● **Exercise**: Without any pictures, reproduce exactly the lines running from the line containing "San Antonio Watercolor" through the end of the entries.

^^^^^^^^

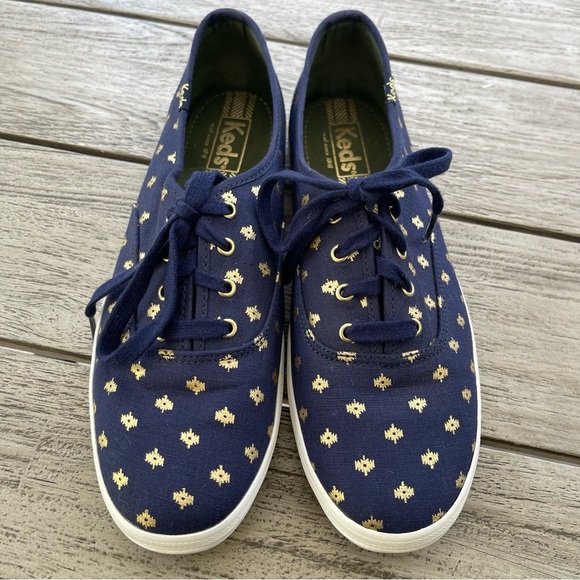 Keds Champion Originals Dark Blue Sneakers with Metallic Gold Women’s Size 9 - Picture 1 of 7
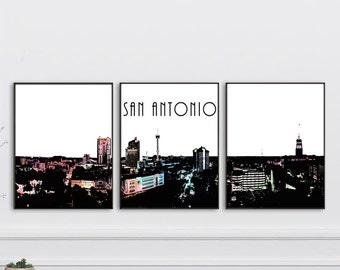 San Antonio Watercolor Poster Set of 3 San Antonio Skyline Poster Texas Poster San Antonio city poster city Art poster Wall Decor Wall Gift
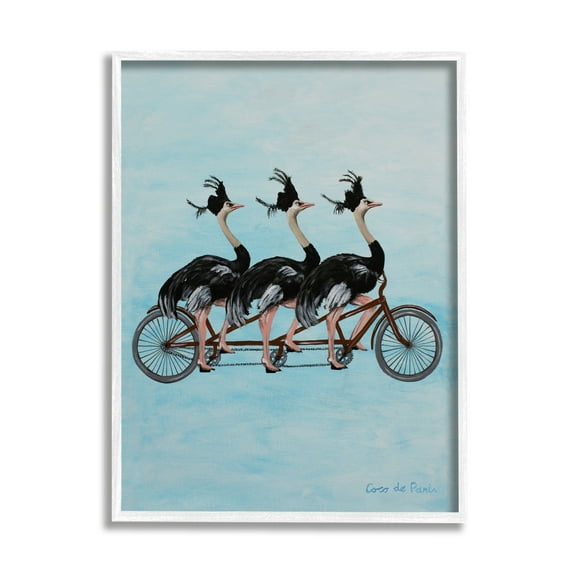 Stupell Industries Ostriches Riding Tandem Bicycle Funny Cute Painting , 11 x 14, Design by Coco de Paris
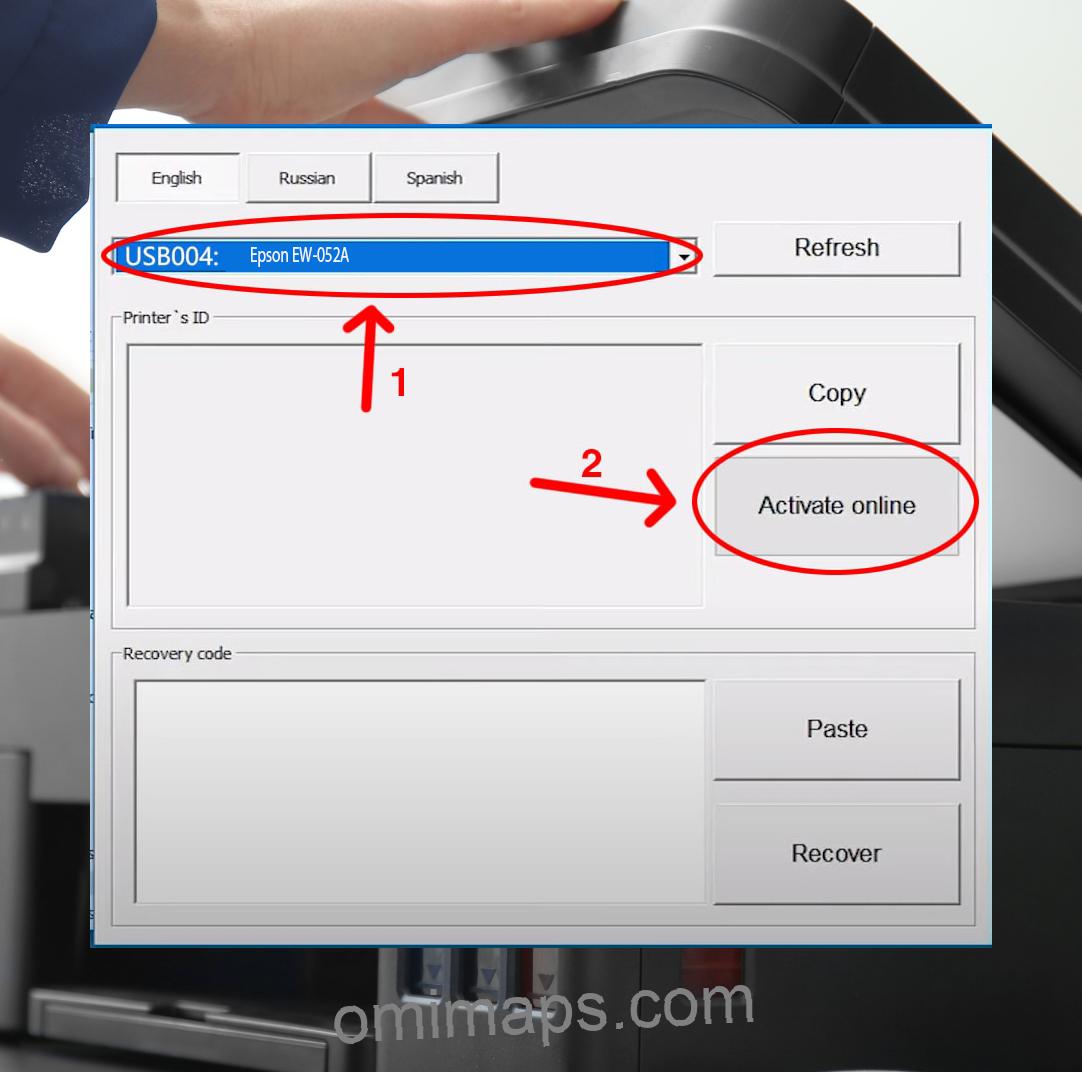 Active Epson EW-052A Chipless Firmware 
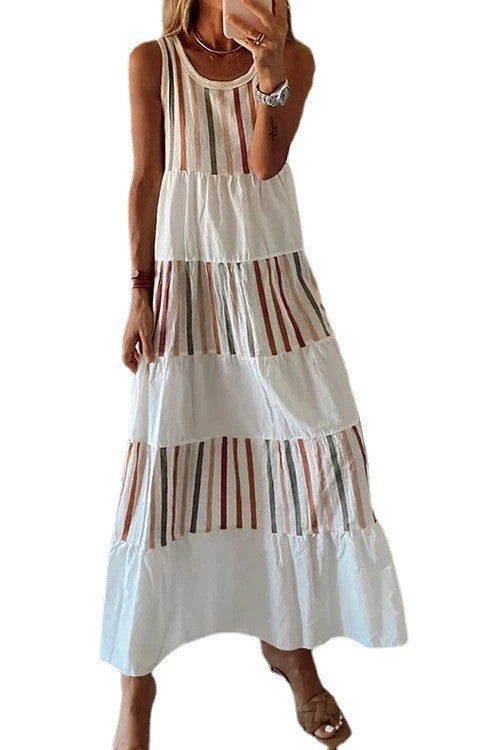 Spring And Summer New Round Neck Sleeveless Striped Large Skirt Long Dress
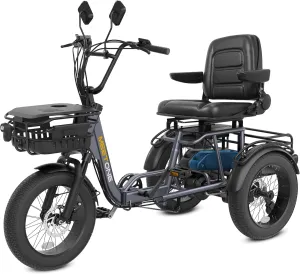 Breeze Folding Electric Tricycle for Adults, 1000W 48V 15AH, 18‘’×4'' Fat Tire Electric Trike, 20MPH 80Miles E-trike, 3 Wheel Electric Bike, Reverse & Parking, 450lbs Load (with Upgraded Parts)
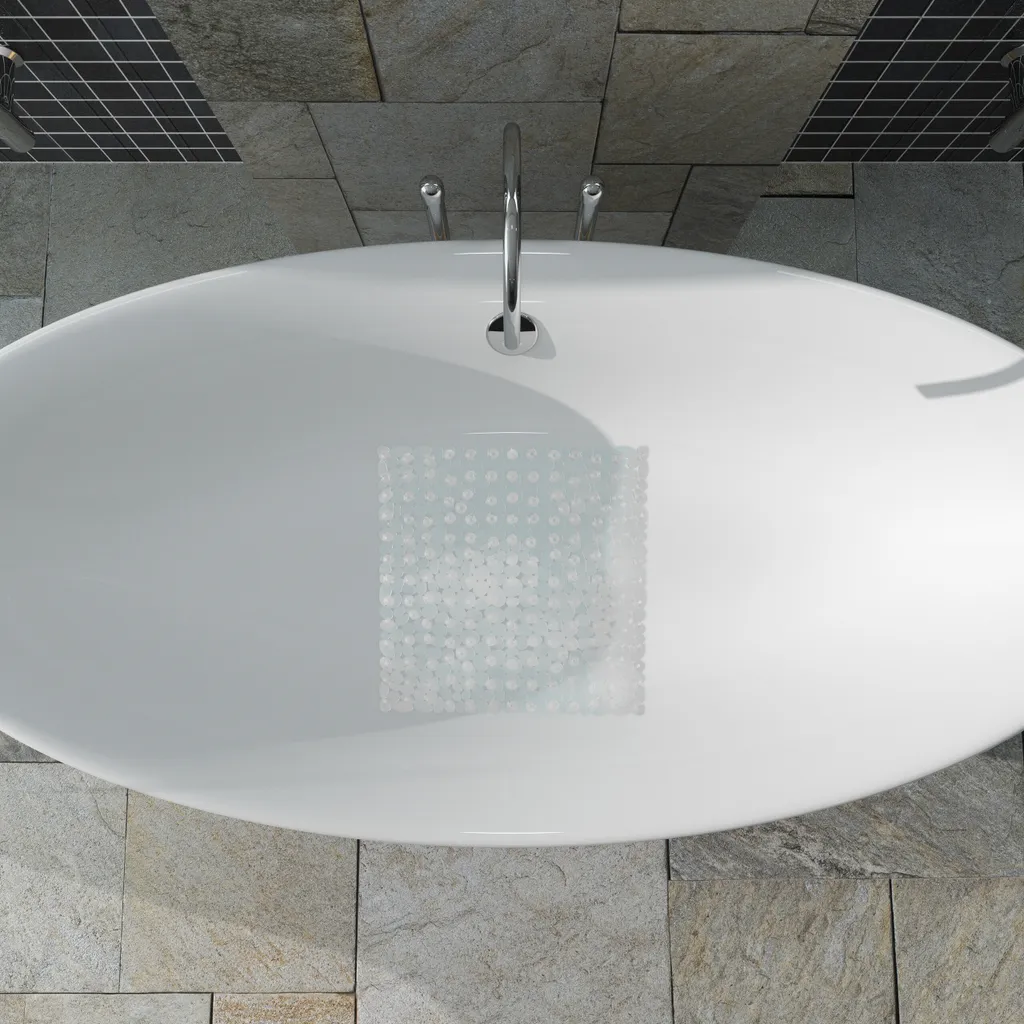 Relaxdays Tappetino Doccia Stone Look Quadrato 53x53cm Antiscivolo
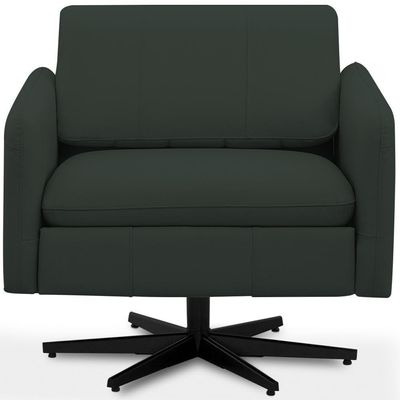 Kit 2 Poltronas Decorativa Giratória Retrátil Reclinável Lutor L06 Couro Verde Escuro - Lyam Decor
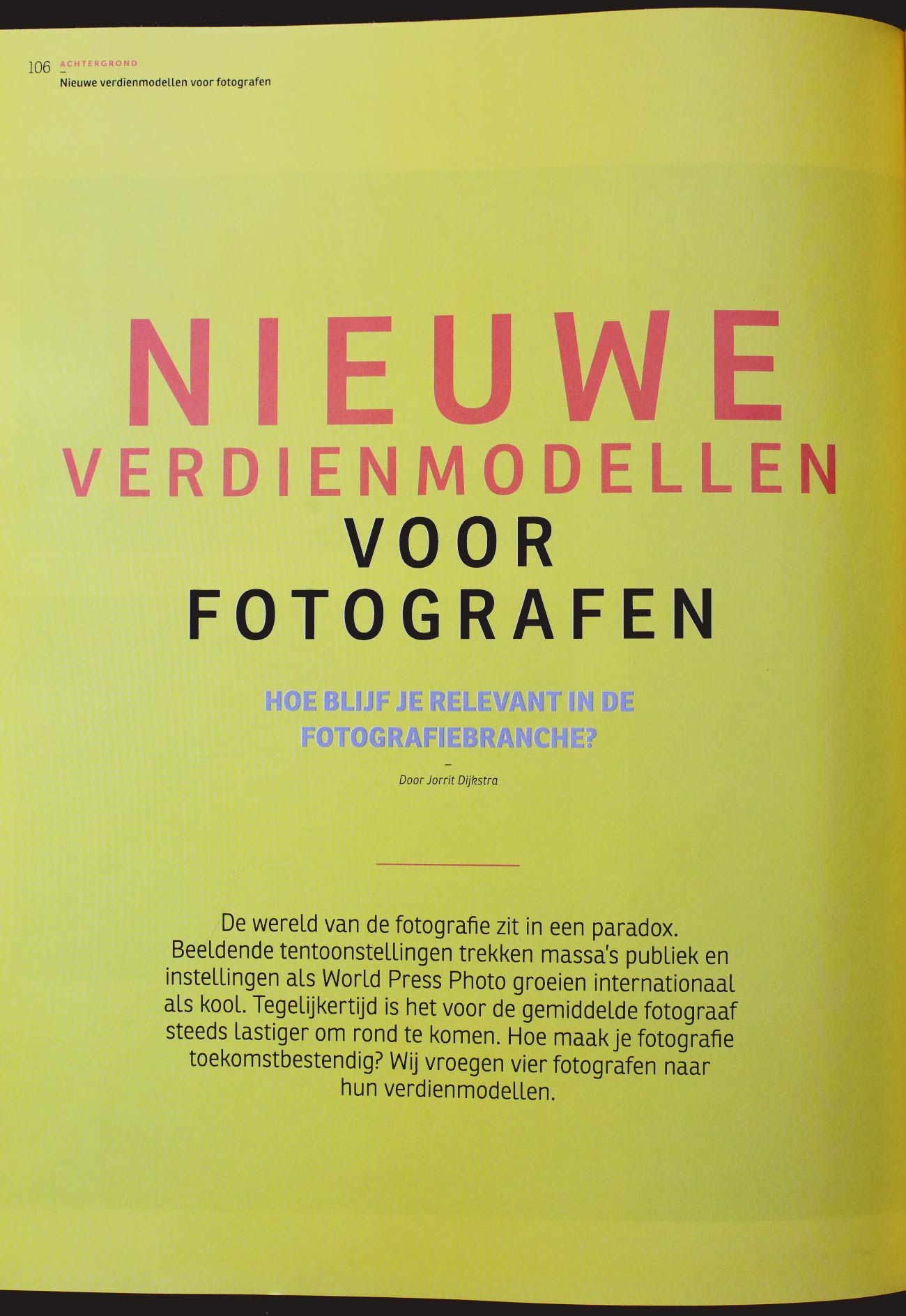 Nieuwe verdienmodellen voor fotografen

^^^^^^^^

● **Result below**:
 San Antonio Watercolor Poster Set of 3 San Antonio Skyline Poster Texas Poster San Antonio city poster city Art poster Wall Decor Wall Gift
 Stupell Industries Ostriches Riding Tandem Bicycle Funny Cute Painting , 11 x 14, Design by Coco de Paris
 Active Epson EW-052A Chipless Firmware 
 Spring And Summer New Round Neck Sleeveless Striped Large Skirt Long Dress
 Breeze Folding Electric Tricycle for Adults, 1000W 48V 15AH, 18‘’×4'' Fat Tire Electric Trike, 20MPH 80Miles E-trike, 3 Wheel Electric Bike, Reverse & Parking, 450lbs Load (with Upgraded Parts)
 Relaxdays Tappetino Doccia Stone Look Quadrato 53x53cm Antiscivolo
 Kit 2 Poltronas Decorativa Giratória Retrátil Reclinável Lutor L06 Couro Verde Escuro - Lyam Decor
 Nieuwe verdienmodellen voor fotografen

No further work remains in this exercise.